By looking at the results of KPSS test we can see that value for our test-statistics
is 0.0452
and the critical values for the rejection region
:
90% confidence level
: 0.347
95% confidence level
: 0.463
97.2% confidence level
: 0.574
99% confidence level
: 0.739
As we’re looking at the right tail, our test statistics is outside
of the reject region
for all levels of confidence. So we don’t reject the null hypothesis, meaning that the returns are exibiting stationary property
##
## #######################
## # KPSS Unit Root Test #
## #######################
##
## Test is of type: mu with 10 lags.
##
## Value of test-statistic is: 0.0452
##
## Critical value for a significance level of:
## 10pct 5pct 2.5pct 1pct
## critical values 0.347 0.463 0.574 0.739
For all of the statistical test we got the the MSFT returns are stationary
.
In this section, we will selecting the best performing univarite time series model on the in-sample part, our training set. We will first select the best model and then we will perform the model evaluation.

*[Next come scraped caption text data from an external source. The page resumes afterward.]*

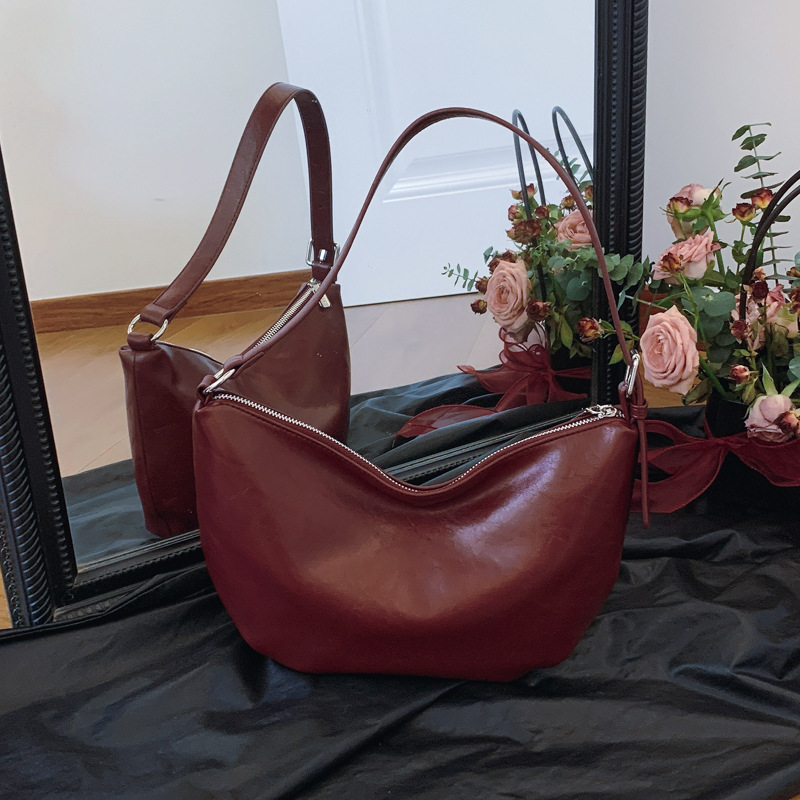 Retro soft leather bag for women 2024 new style, simple, casual and versatile single-shoulder crossbody bag, small and large capacity dumpling bag details Picture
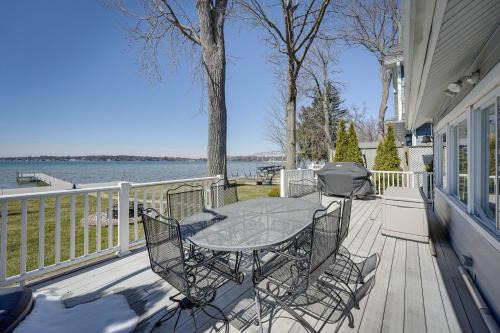 Lakefront Michigan Cottage - Deck, Grill & Kayaks!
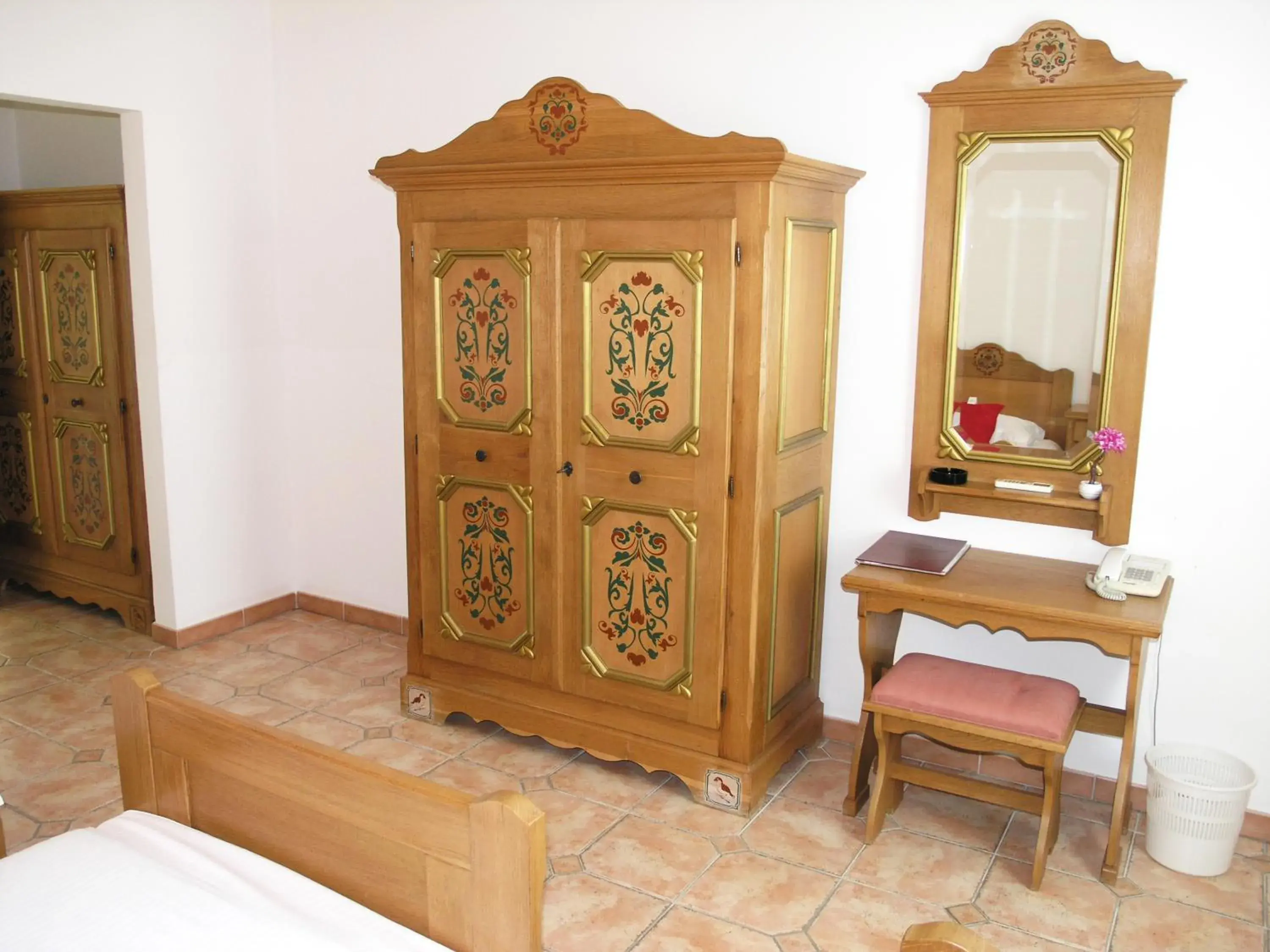 Economy Twin Room - single occupancy in Hotel Kralj Tomislav Economy Twin Room - single occupancy in Hotel Kralj Tomislav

In the model selection phase, we want to find the “best” fit model with the lowest number of parameters (order of AR, MA, ARMA models - p, q). We want to:
The are well known scores (information criterions
) that capture both of those things. Based on the information criterion score, for each of the models, we will select the one that has the lowest score
. They are:
AIC
(Akaike information criterion) - deals with the trade-off between the goodness of fit of the model and the simplicity of the model. In other words, AIC deals with both the risk of overfitting and the risk of underfitting. It also includes a penalty that is an increasing function of the number of estimated parameters.BIC
(Bayesian information criterion) - works on the same principle and idea as the AIC. It also tries to identify the model with the best balance in terms of overfitting and uderfitting and the number of model parameters. The key difference compared to the AIC is that BIC penalizes number of parameters more strictly
.As mentioned, we will use AIC and BIC criterion for model selection. We will perform selection on the training data set.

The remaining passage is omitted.